Dia takkan menghadiri Eng-hiong tay-hwe dan juga tak ikut berebut pangcu segala.
" "Dia bukan Enghiong, dengan sendirinya ayah takkan mengirim Eng-hiong-tiap padanya," kata Kwe Hu.
"Sekalipun dia ingin menghadiri pertemuan besar ini kukira juga belum memenuhi syarat.
" Kwe Yang mengusap air matanya dengan sapu-tangan kecil, katanya.
"Jika begitu akupun takkan hadir pada pertemuan kalian itu, masa-bodoh kalian hendak mengangkat Pangcu segala, betapapun ramainya juga aku takkan meiihatnya.
" "Aduh, jika Kwe-jisiocia kita tidak hadir, lalu bagaimana jadinya Eng-hiong-tay-hwe itu nanti?" demikian Kwe Hu ber-olok2 pula.
"Yang terpilih menjadi Pangcu nanti juga kurang gemilang, mana boleh kau tidak hadir.
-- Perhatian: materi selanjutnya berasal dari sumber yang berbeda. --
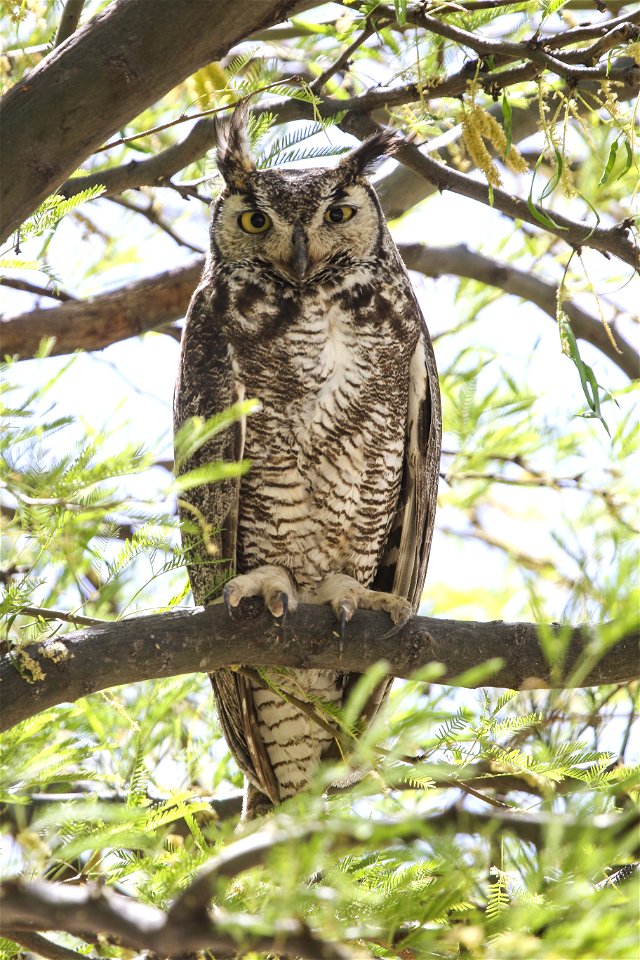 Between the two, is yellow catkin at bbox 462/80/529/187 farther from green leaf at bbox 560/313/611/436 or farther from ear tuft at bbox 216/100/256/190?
ear tuft at bbox 216/100/256/190

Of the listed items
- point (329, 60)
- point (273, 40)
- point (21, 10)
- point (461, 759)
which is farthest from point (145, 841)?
point (273, 40)

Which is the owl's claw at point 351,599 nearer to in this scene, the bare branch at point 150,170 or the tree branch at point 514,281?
the bare branch at point 150,170

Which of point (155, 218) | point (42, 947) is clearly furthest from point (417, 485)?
point (42, 947)

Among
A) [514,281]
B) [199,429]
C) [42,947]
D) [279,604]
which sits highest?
[514,281]

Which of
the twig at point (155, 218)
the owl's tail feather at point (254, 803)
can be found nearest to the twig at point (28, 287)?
the twig at point (155, 218)

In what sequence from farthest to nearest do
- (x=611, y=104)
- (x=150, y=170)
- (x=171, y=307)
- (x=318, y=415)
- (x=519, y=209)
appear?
1. (x=171, y=307)
2. (x=318, y=415)
3. (x=150, y=170)
4. (x=519, y=209)
5. (x=611, y=104)

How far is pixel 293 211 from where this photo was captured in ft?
8.82

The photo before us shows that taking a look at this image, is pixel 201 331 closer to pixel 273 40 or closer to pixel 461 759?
pixel 273 40

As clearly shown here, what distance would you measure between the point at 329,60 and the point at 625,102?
40.7 inches

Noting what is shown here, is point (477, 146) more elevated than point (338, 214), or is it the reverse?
point (338, 214)

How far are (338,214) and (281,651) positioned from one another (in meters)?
1.27

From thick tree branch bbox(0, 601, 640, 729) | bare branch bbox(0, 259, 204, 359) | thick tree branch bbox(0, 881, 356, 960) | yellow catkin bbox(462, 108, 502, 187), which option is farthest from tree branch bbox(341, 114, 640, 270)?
thick tree branch bbox(0, 881, 356, 960)

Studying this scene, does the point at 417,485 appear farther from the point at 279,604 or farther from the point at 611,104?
the point at 611,104

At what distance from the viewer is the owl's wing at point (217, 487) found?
2561mm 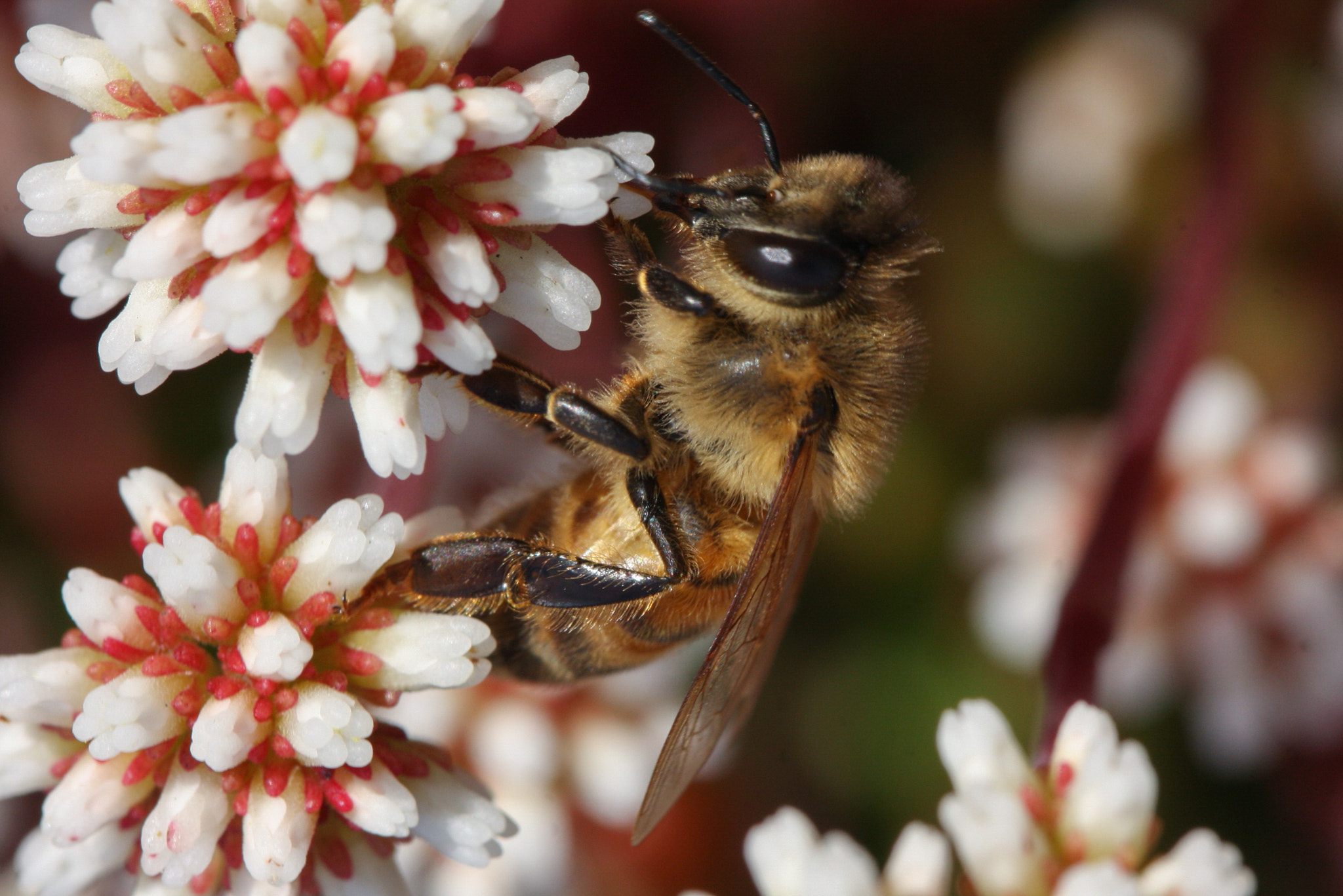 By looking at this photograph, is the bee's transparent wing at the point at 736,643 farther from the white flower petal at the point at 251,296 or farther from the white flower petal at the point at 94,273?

" Sambil menutupi kedua telinganya Kwe Yang terus berlari keluar kelenteng, Tapi mendadak bayangan berkelebat tahu2 diambang pintu kelentertg telah berdiri seorang dan mengalang jalan keluarnya, keruan Kwe Yang kaget, cepat ia melompat mundur sehingga tidak bertubrukan dengan pengadang-nya itu.
Di bawah cahaya bulan tertampak perawakan orang itu sangat jangkung, mukanya hitam, anehnya tubuh bagian atas ternyata sangat cekak, hanya bagian pinggang ke bawah yang teramat panjang.
Setelah diawasi lebih teliti baru tahu jelas, rupanya kedua kaki orang itu buntung, kedua ketiaknya di sanggah dengan sepasang tongkat yang panjangnya-hampir dua meter, karena itulah lengan celananya menjadi bsrgoyang-gontai di bagian bawah, orang pendek memakai egrang sehingga menjadi orang jangkung.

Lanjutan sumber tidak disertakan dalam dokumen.